Comme La Mission du Commandant Lex (Springfield Rifles), à mi-chemin entre western et film policier, c'est donc l'enquête que mène Kipp qui constitue le nœud de l'action. Sa manière de faire est assez cocasse, ne disant rien de ce qu'il est venu chercher pour faire monter la pression : il est amusant de voir que la plupart des habitants de Twin Forks n'arrivent plus à fermer l'œil depuis l'arrivée de cet homme apparemment sans une once de sensibilité, tous plus ou moins persuadés qu'il est venu pour eux. Ce dernier ne se démonte jamais et fonce bille en tête n'ayant à priori qu'une chose à l'esprit, la réussite de sa mission et l'appât du gain. Bien sûr, ce n'est pas une brute sanguinaire et d'ailleurs il possède une autre raison moins pragmatique à son acharnement à 'chasser les têtes' mais il n'en fait presque jamais rien ressortir.

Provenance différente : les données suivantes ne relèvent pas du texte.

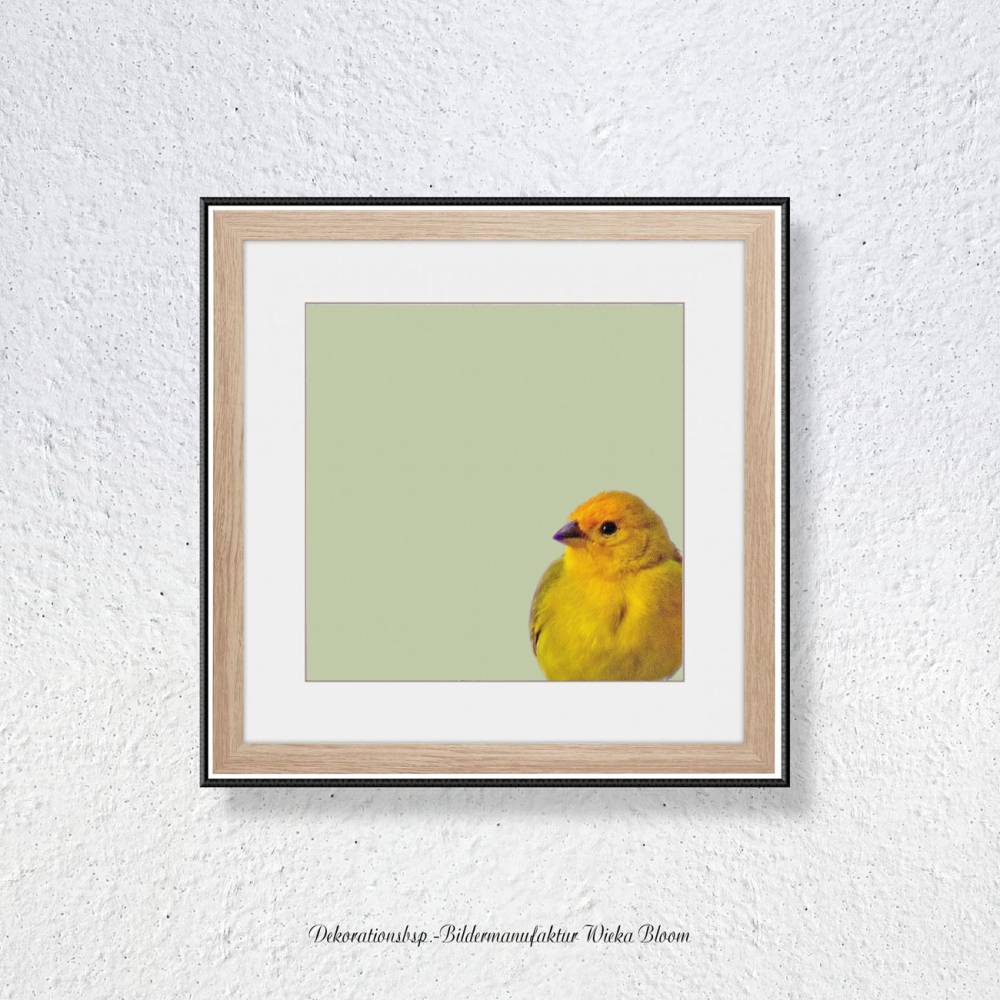 SINGVÖGEL, Wandbild auf Holz, Leinwandbild oder Kunstdruck Poster. Geschenk Wandkunst Vogel in gelb im Vintage Style Bild 4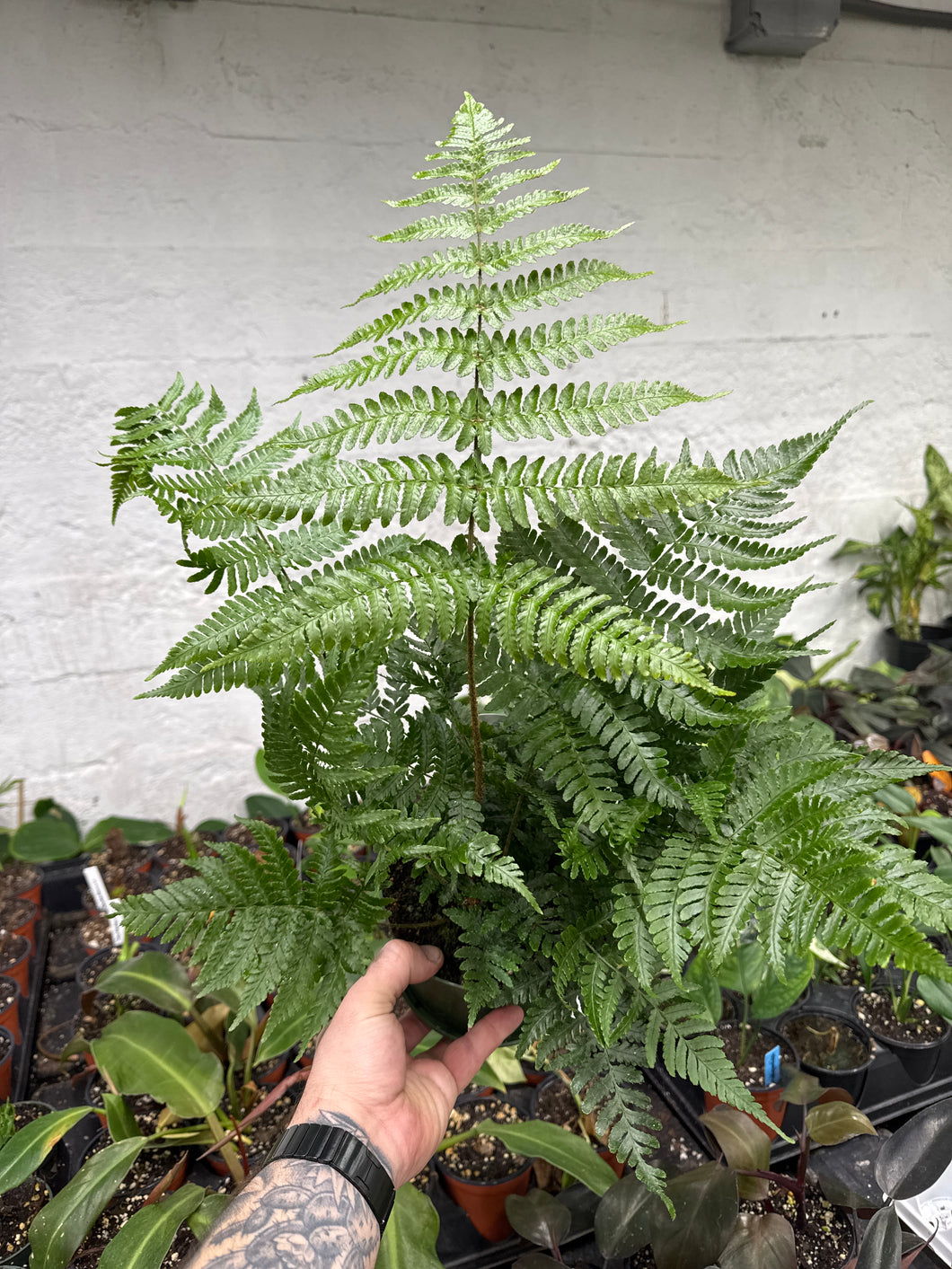 Autumn Fern - Dryopteris erythrosora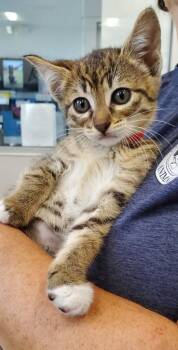 Domestic Short Hair Cats Available for Adoption in Denham Springs, Louisiana - Jenny PA | PetCurious
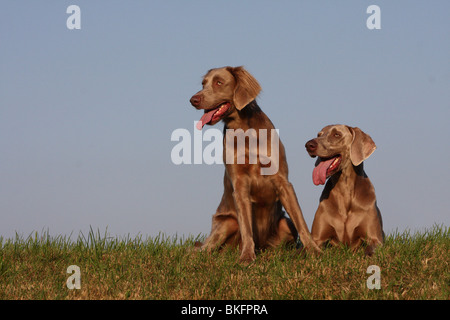 Weimaraner Stock Photo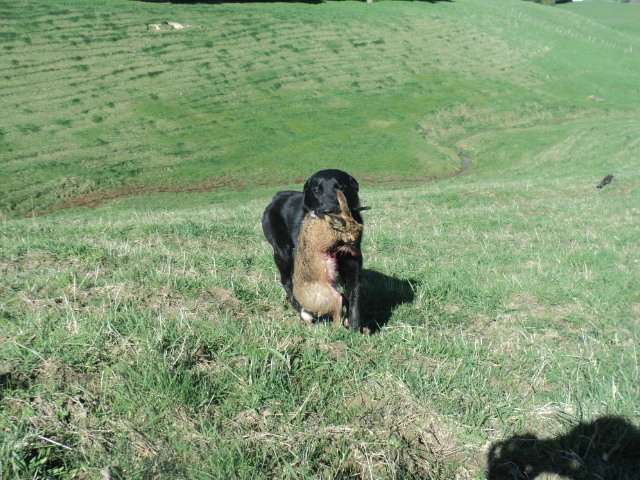 Name:  picture 01 1616.jpg
Views: 376
Size:  164.0 KB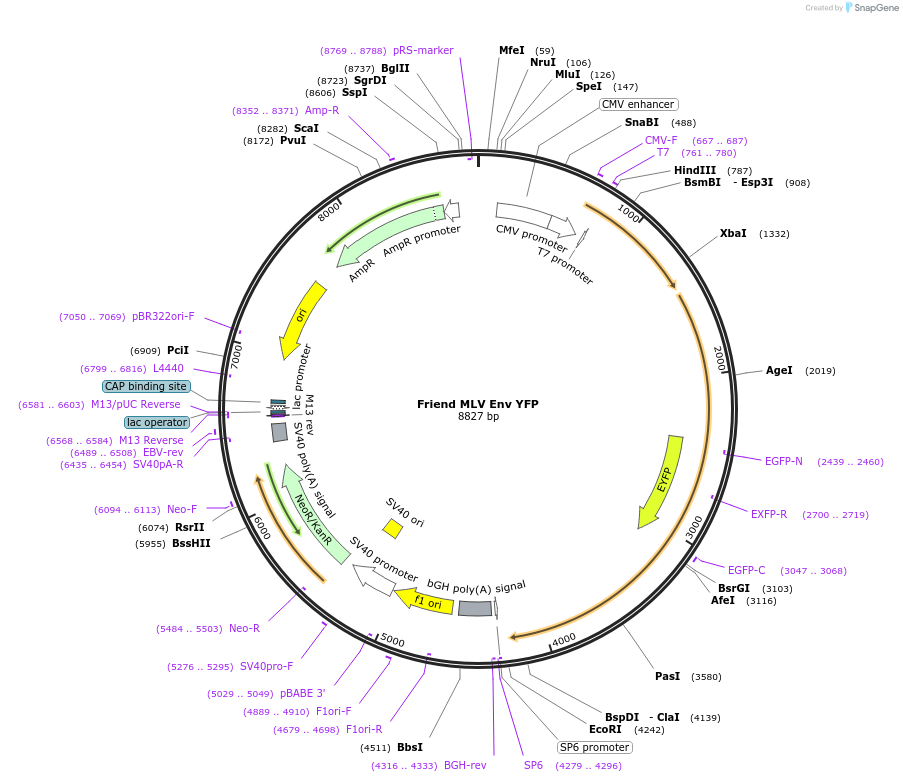 1820-plasmid-map-sequence-id-468107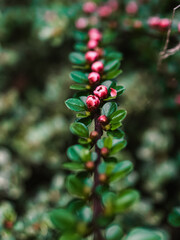 Red flowers in the garden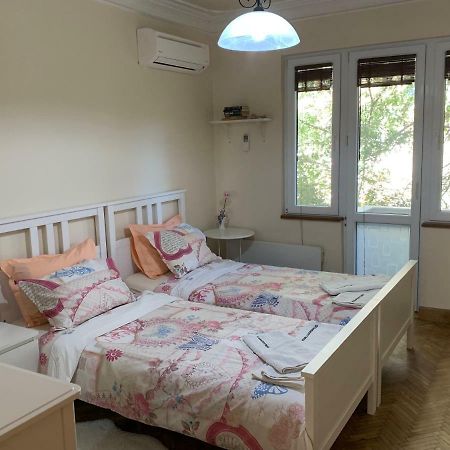 Viitoshka Apartment 索菲亞 外观 照片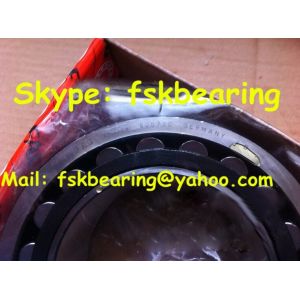 Performance Double Row Nylon Cage Reducer Bearings , GB40779S01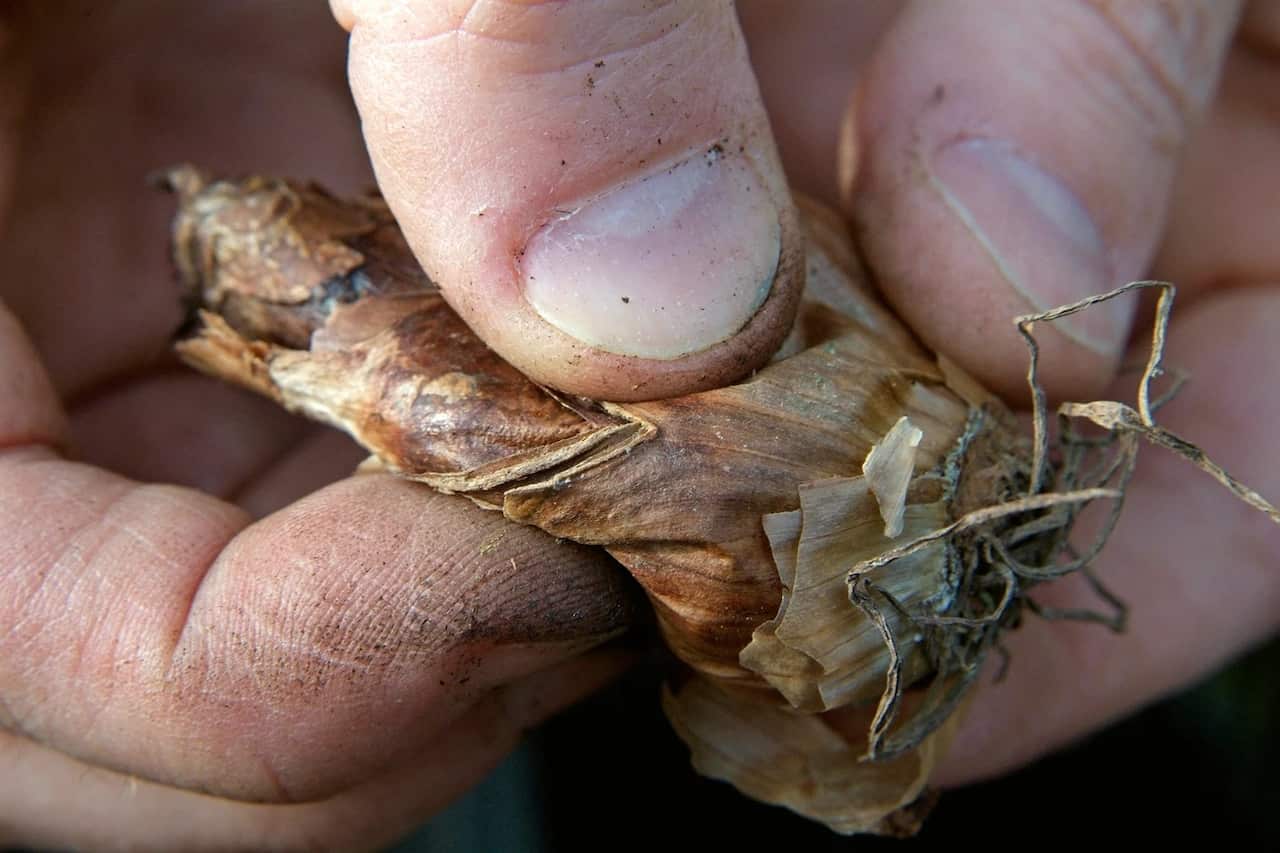 A soft mouldy bulb.jpg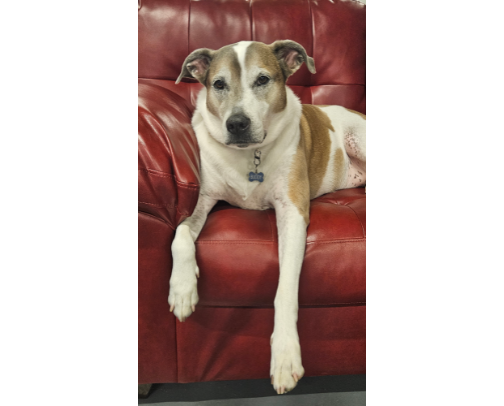 Earn "TOP DOG" Status cover photo collage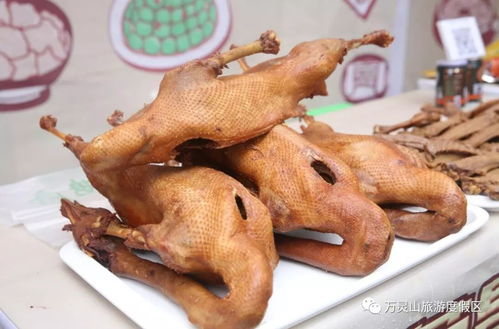 卤鹅哥投喂荣昌游客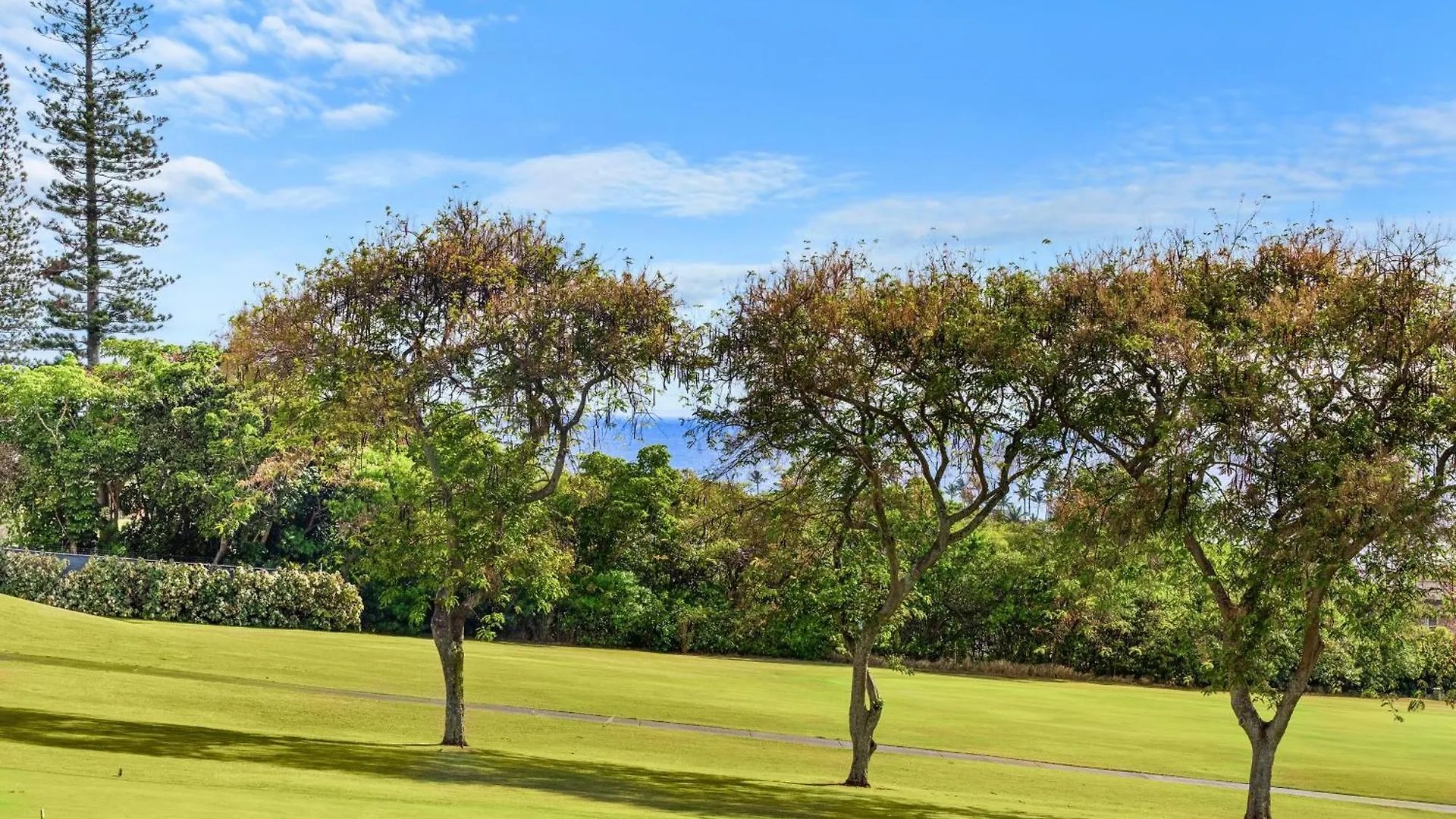 Holiday home Kapalua Golf 18p 5&6 Your Maui Getaway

Lui et les innombrables coupables potentiels vaquent au sein d'un scénario plein de facilités et du coup assez roublard (signé par l'auteur de My Darling Clementine), mais en même temps très malin puisque je défie quiconque de repérer les 3 meurtriers à l'avance. Aucune baisse de rythme mais une mise en scène moins efficace que dans d'autres films du cinéaste. Si l'on retrouve sa figure de style préférée, à savoir les longs panoramiques, esthétiquement parlant, le film est assez pauvre. Il ne semble d'ailleurs pas avoir bénéficié d'un important budget, ce qui se ressent assez souvent. A la musique officie un David Buttolph qui a toujours autant de mal à trouver de l'inspiration, la doublure de Randolph Scott est toujours aussi peu discrète lors des combats à poings nus et l'humour balourd que la Warner n'a de cesse de distiller au sein de ses westerns se fait une nouvelle fois présent à quelques reprises.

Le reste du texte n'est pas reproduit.